A brief introduction to density-based clustering

Gaussian Mixture Models (GMM) is a probabilistic unsupervised learning method that models data as a mixture of multiple Gaussian distributions. Unlike clustering methods such as k-means, GMM provides a soft clustering approach, where each observation has a probability of belonging to multiple clusters. This allows for more flexibility in capturing complex data distributions.

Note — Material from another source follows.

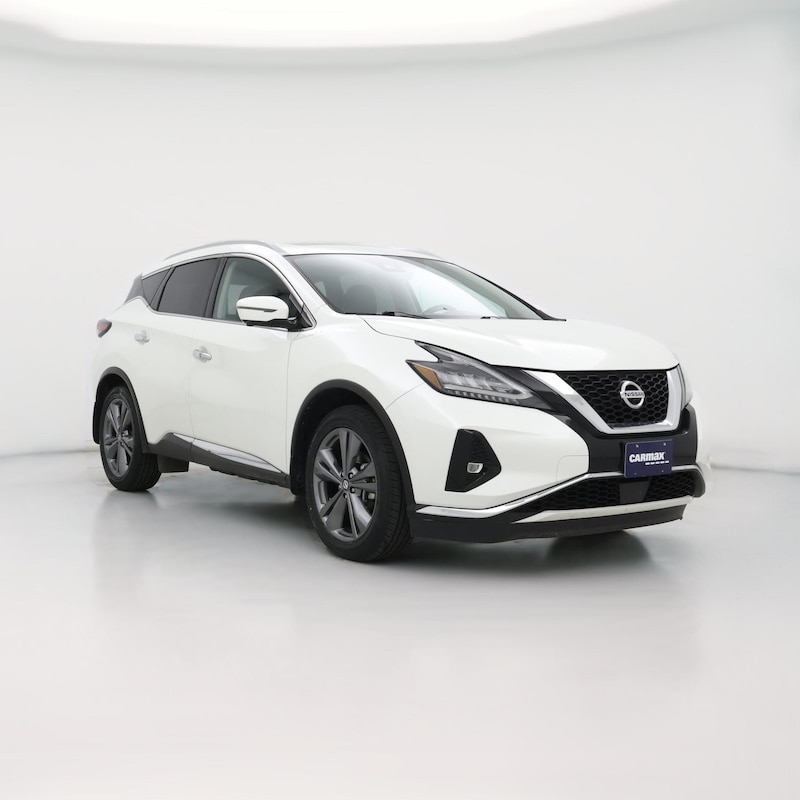 2022 Nissan Murano Platinum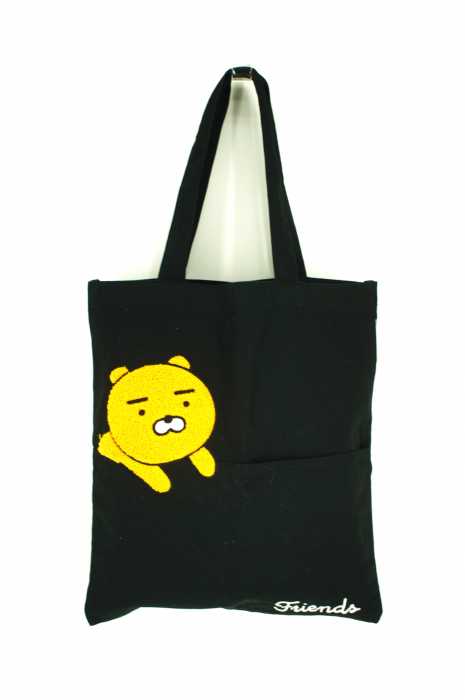 KAKAO FRIENDS（カカオフレンズ） Museum エコバック レディース バッグ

In GMM, observations are assumed to be generated from a combination of Gaussian distributions, each with some mean vector and variance-covariance matrix. The algorithm works by iteratively estimating these parameters for each cluster using the Expectation-Maximization (EM) algorithm. After estimating these parameters observations are assigned to clusters based on their probability of belonging to each Gaussian component.